# Lyft AMP



## Smell My Finger (Jun 11, 2019)

Lyft keeps asking me to pair my AMP and lets me know it has not been paired in over 6 months. Don't have the heart to tell them I sold it on ebay last year


----------



## mbd (Aug 27, 2018)

What is a AMP?


----------



## Smell My Finger (Jun 11, 2019)

mbd said:


> What is a AMP?


----------



## Daisey77 (Jan 13, 2016)

While I get we all need the money, we can't be selling this shit on eBay! LOL with all of kidnappers, rapists, murderers, that are imitating Uber and Lyft drivers, it's just all bad to do so. How much money did you make by the way? Asking for a friend


----------



## Classical Telecaster (Dec 12, 2019)

Handy device. Keeps me from missing pings. 

I am more than good with promoting the brand.


----------



## TheDevilisaParttimer (Jan 2, 2019)

Smell My Finger said:


> Lyft keeps asking me to pair my AMP and lets me know it has not been paired in over 6 months. Don't have the heart to tell them I sold it on ebay last year


Do you know this guy? @IthurstwhenIP


----------



## Atavar (Aug 11, 2018)

I love my AMP. It really helps direct customers to my car and gives them some confidence they are getting in the right vehicle. 
It also doesn't hurt when customers see the amp around town to promote awareness.


----------



## Another Ant (Jun 3, 2019)

I remember when I "qualified" for my Amp. I think I had to give 250 rides to "earn" it. When it arrived in the high quality shipping box I was overjoyed. I felt quite special driving around with it. 

Then, I realized that it was just another device I had to plug in, and it was nothing but free advertising for Lyft.
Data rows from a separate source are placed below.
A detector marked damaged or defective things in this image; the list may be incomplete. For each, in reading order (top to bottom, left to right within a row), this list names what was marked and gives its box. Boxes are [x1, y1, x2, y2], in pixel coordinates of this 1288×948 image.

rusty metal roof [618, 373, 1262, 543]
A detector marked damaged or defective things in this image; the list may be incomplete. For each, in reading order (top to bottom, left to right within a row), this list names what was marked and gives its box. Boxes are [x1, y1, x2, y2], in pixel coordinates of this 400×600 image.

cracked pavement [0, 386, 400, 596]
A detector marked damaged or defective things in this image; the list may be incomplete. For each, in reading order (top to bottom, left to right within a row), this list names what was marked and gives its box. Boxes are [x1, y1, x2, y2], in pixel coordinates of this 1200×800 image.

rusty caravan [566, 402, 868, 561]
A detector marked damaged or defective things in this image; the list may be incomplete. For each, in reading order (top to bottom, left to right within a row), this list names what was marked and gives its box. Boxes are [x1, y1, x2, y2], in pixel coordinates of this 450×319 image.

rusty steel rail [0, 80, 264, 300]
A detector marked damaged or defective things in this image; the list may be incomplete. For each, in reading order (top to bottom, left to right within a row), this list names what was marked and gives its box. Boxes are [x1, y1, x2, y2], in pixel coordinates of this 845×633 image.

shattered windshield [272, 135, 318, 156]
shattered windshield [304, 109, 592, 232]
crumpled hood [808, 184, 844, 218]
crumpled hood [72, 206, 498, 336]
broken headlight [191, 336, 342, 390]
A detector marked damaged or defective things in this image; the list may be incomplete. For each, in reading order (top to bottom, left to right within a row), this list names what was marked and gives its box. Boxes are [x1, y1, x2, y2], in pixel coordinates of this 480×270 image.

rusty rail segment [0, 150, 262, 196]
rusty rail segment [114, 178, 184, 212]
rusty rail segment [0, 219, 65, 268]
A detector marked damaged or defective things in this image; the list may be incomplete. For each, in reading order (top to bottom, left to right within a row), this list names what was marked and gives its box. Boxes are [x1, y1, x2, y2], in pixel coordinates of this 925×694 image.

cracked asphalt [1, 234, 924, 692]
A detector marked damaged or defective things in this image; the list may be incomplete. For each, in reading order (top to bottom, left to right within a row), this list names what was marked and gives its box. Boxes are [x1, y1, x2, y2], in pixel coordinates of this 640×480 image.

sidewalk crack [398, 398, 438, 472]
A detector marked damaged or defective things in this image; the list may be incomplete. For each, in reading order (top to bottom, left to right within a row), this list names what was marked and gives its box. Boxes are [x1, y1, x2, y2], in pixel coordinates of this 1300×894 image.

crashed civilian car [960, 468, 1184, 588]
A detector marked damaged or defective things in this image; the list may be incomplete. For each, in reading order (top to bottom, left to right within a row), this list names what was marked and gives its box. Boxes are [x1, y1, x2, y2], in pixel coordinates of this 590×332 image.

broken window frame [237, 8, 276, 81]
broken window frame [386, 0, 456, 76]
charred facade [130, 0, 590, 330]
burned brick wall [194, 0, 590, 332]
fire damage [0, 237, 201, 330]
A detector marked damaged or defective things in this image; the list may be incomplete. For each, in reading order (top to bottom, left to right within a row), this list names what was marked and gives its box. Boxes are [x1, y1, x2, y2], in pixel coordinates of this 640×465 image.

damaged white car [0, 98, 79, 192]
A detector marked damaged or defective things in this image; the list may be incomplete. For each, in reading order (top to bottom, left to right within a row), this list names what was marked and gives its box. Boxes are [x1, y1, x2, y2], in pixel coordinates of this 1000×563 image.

Perhaps if I was paid more to display it I would have been a bit more motivated to keep it.

I threw it in my trash can about nine months ago.


----------



## Dekero (Sep 24, 2019)

Mine is sitting on a shelf.. ever since it became a projectile in my last accident... I'd definety prefer not to die from impact to the head by a Lyft product.... Way unsafe ... And if your still out there with one on the dash u best figure a way to secure it .. I found mine under the back of the passenger front seat after my accident... To hell w that.


----------



## IR12 (Nov 11, 2017)

Smell My Finger said:


> Lyft keeps asking me to pair my AMP and lets me know it has not been paired in over 6 months. Don't have the heart to tell them I sold it on ebay last year


Lyft amp, it was delivered, I never opened it.
I used it for a doorstop right at the back door.
I never considered putting that BS in my car.



Another Ant said:


> I remember when I "qualified" for my Amp. I think I had to give 250 rides to "earn" it. When it arrived in the high quality shipping box I was overjoyed. I felt quite special driving around with it.
> 
> Then, I realized that it was just another device I had to plug in, and it was nothing but free advertising for Lyft. Perhaps if I was paid more to display it I would have been a bit more motivated to keep it.
> 
> I threw it in my trash can about nine months ago.


Good call&#128077;.


----------



## Another Uber Driver (May 27, 2015)

Another Ant said:


> I remember when I "qualified" for my Amp. I think I had to give 250 rides to "earn" it. When it arrived in the high quality shipping box I was overjoyed.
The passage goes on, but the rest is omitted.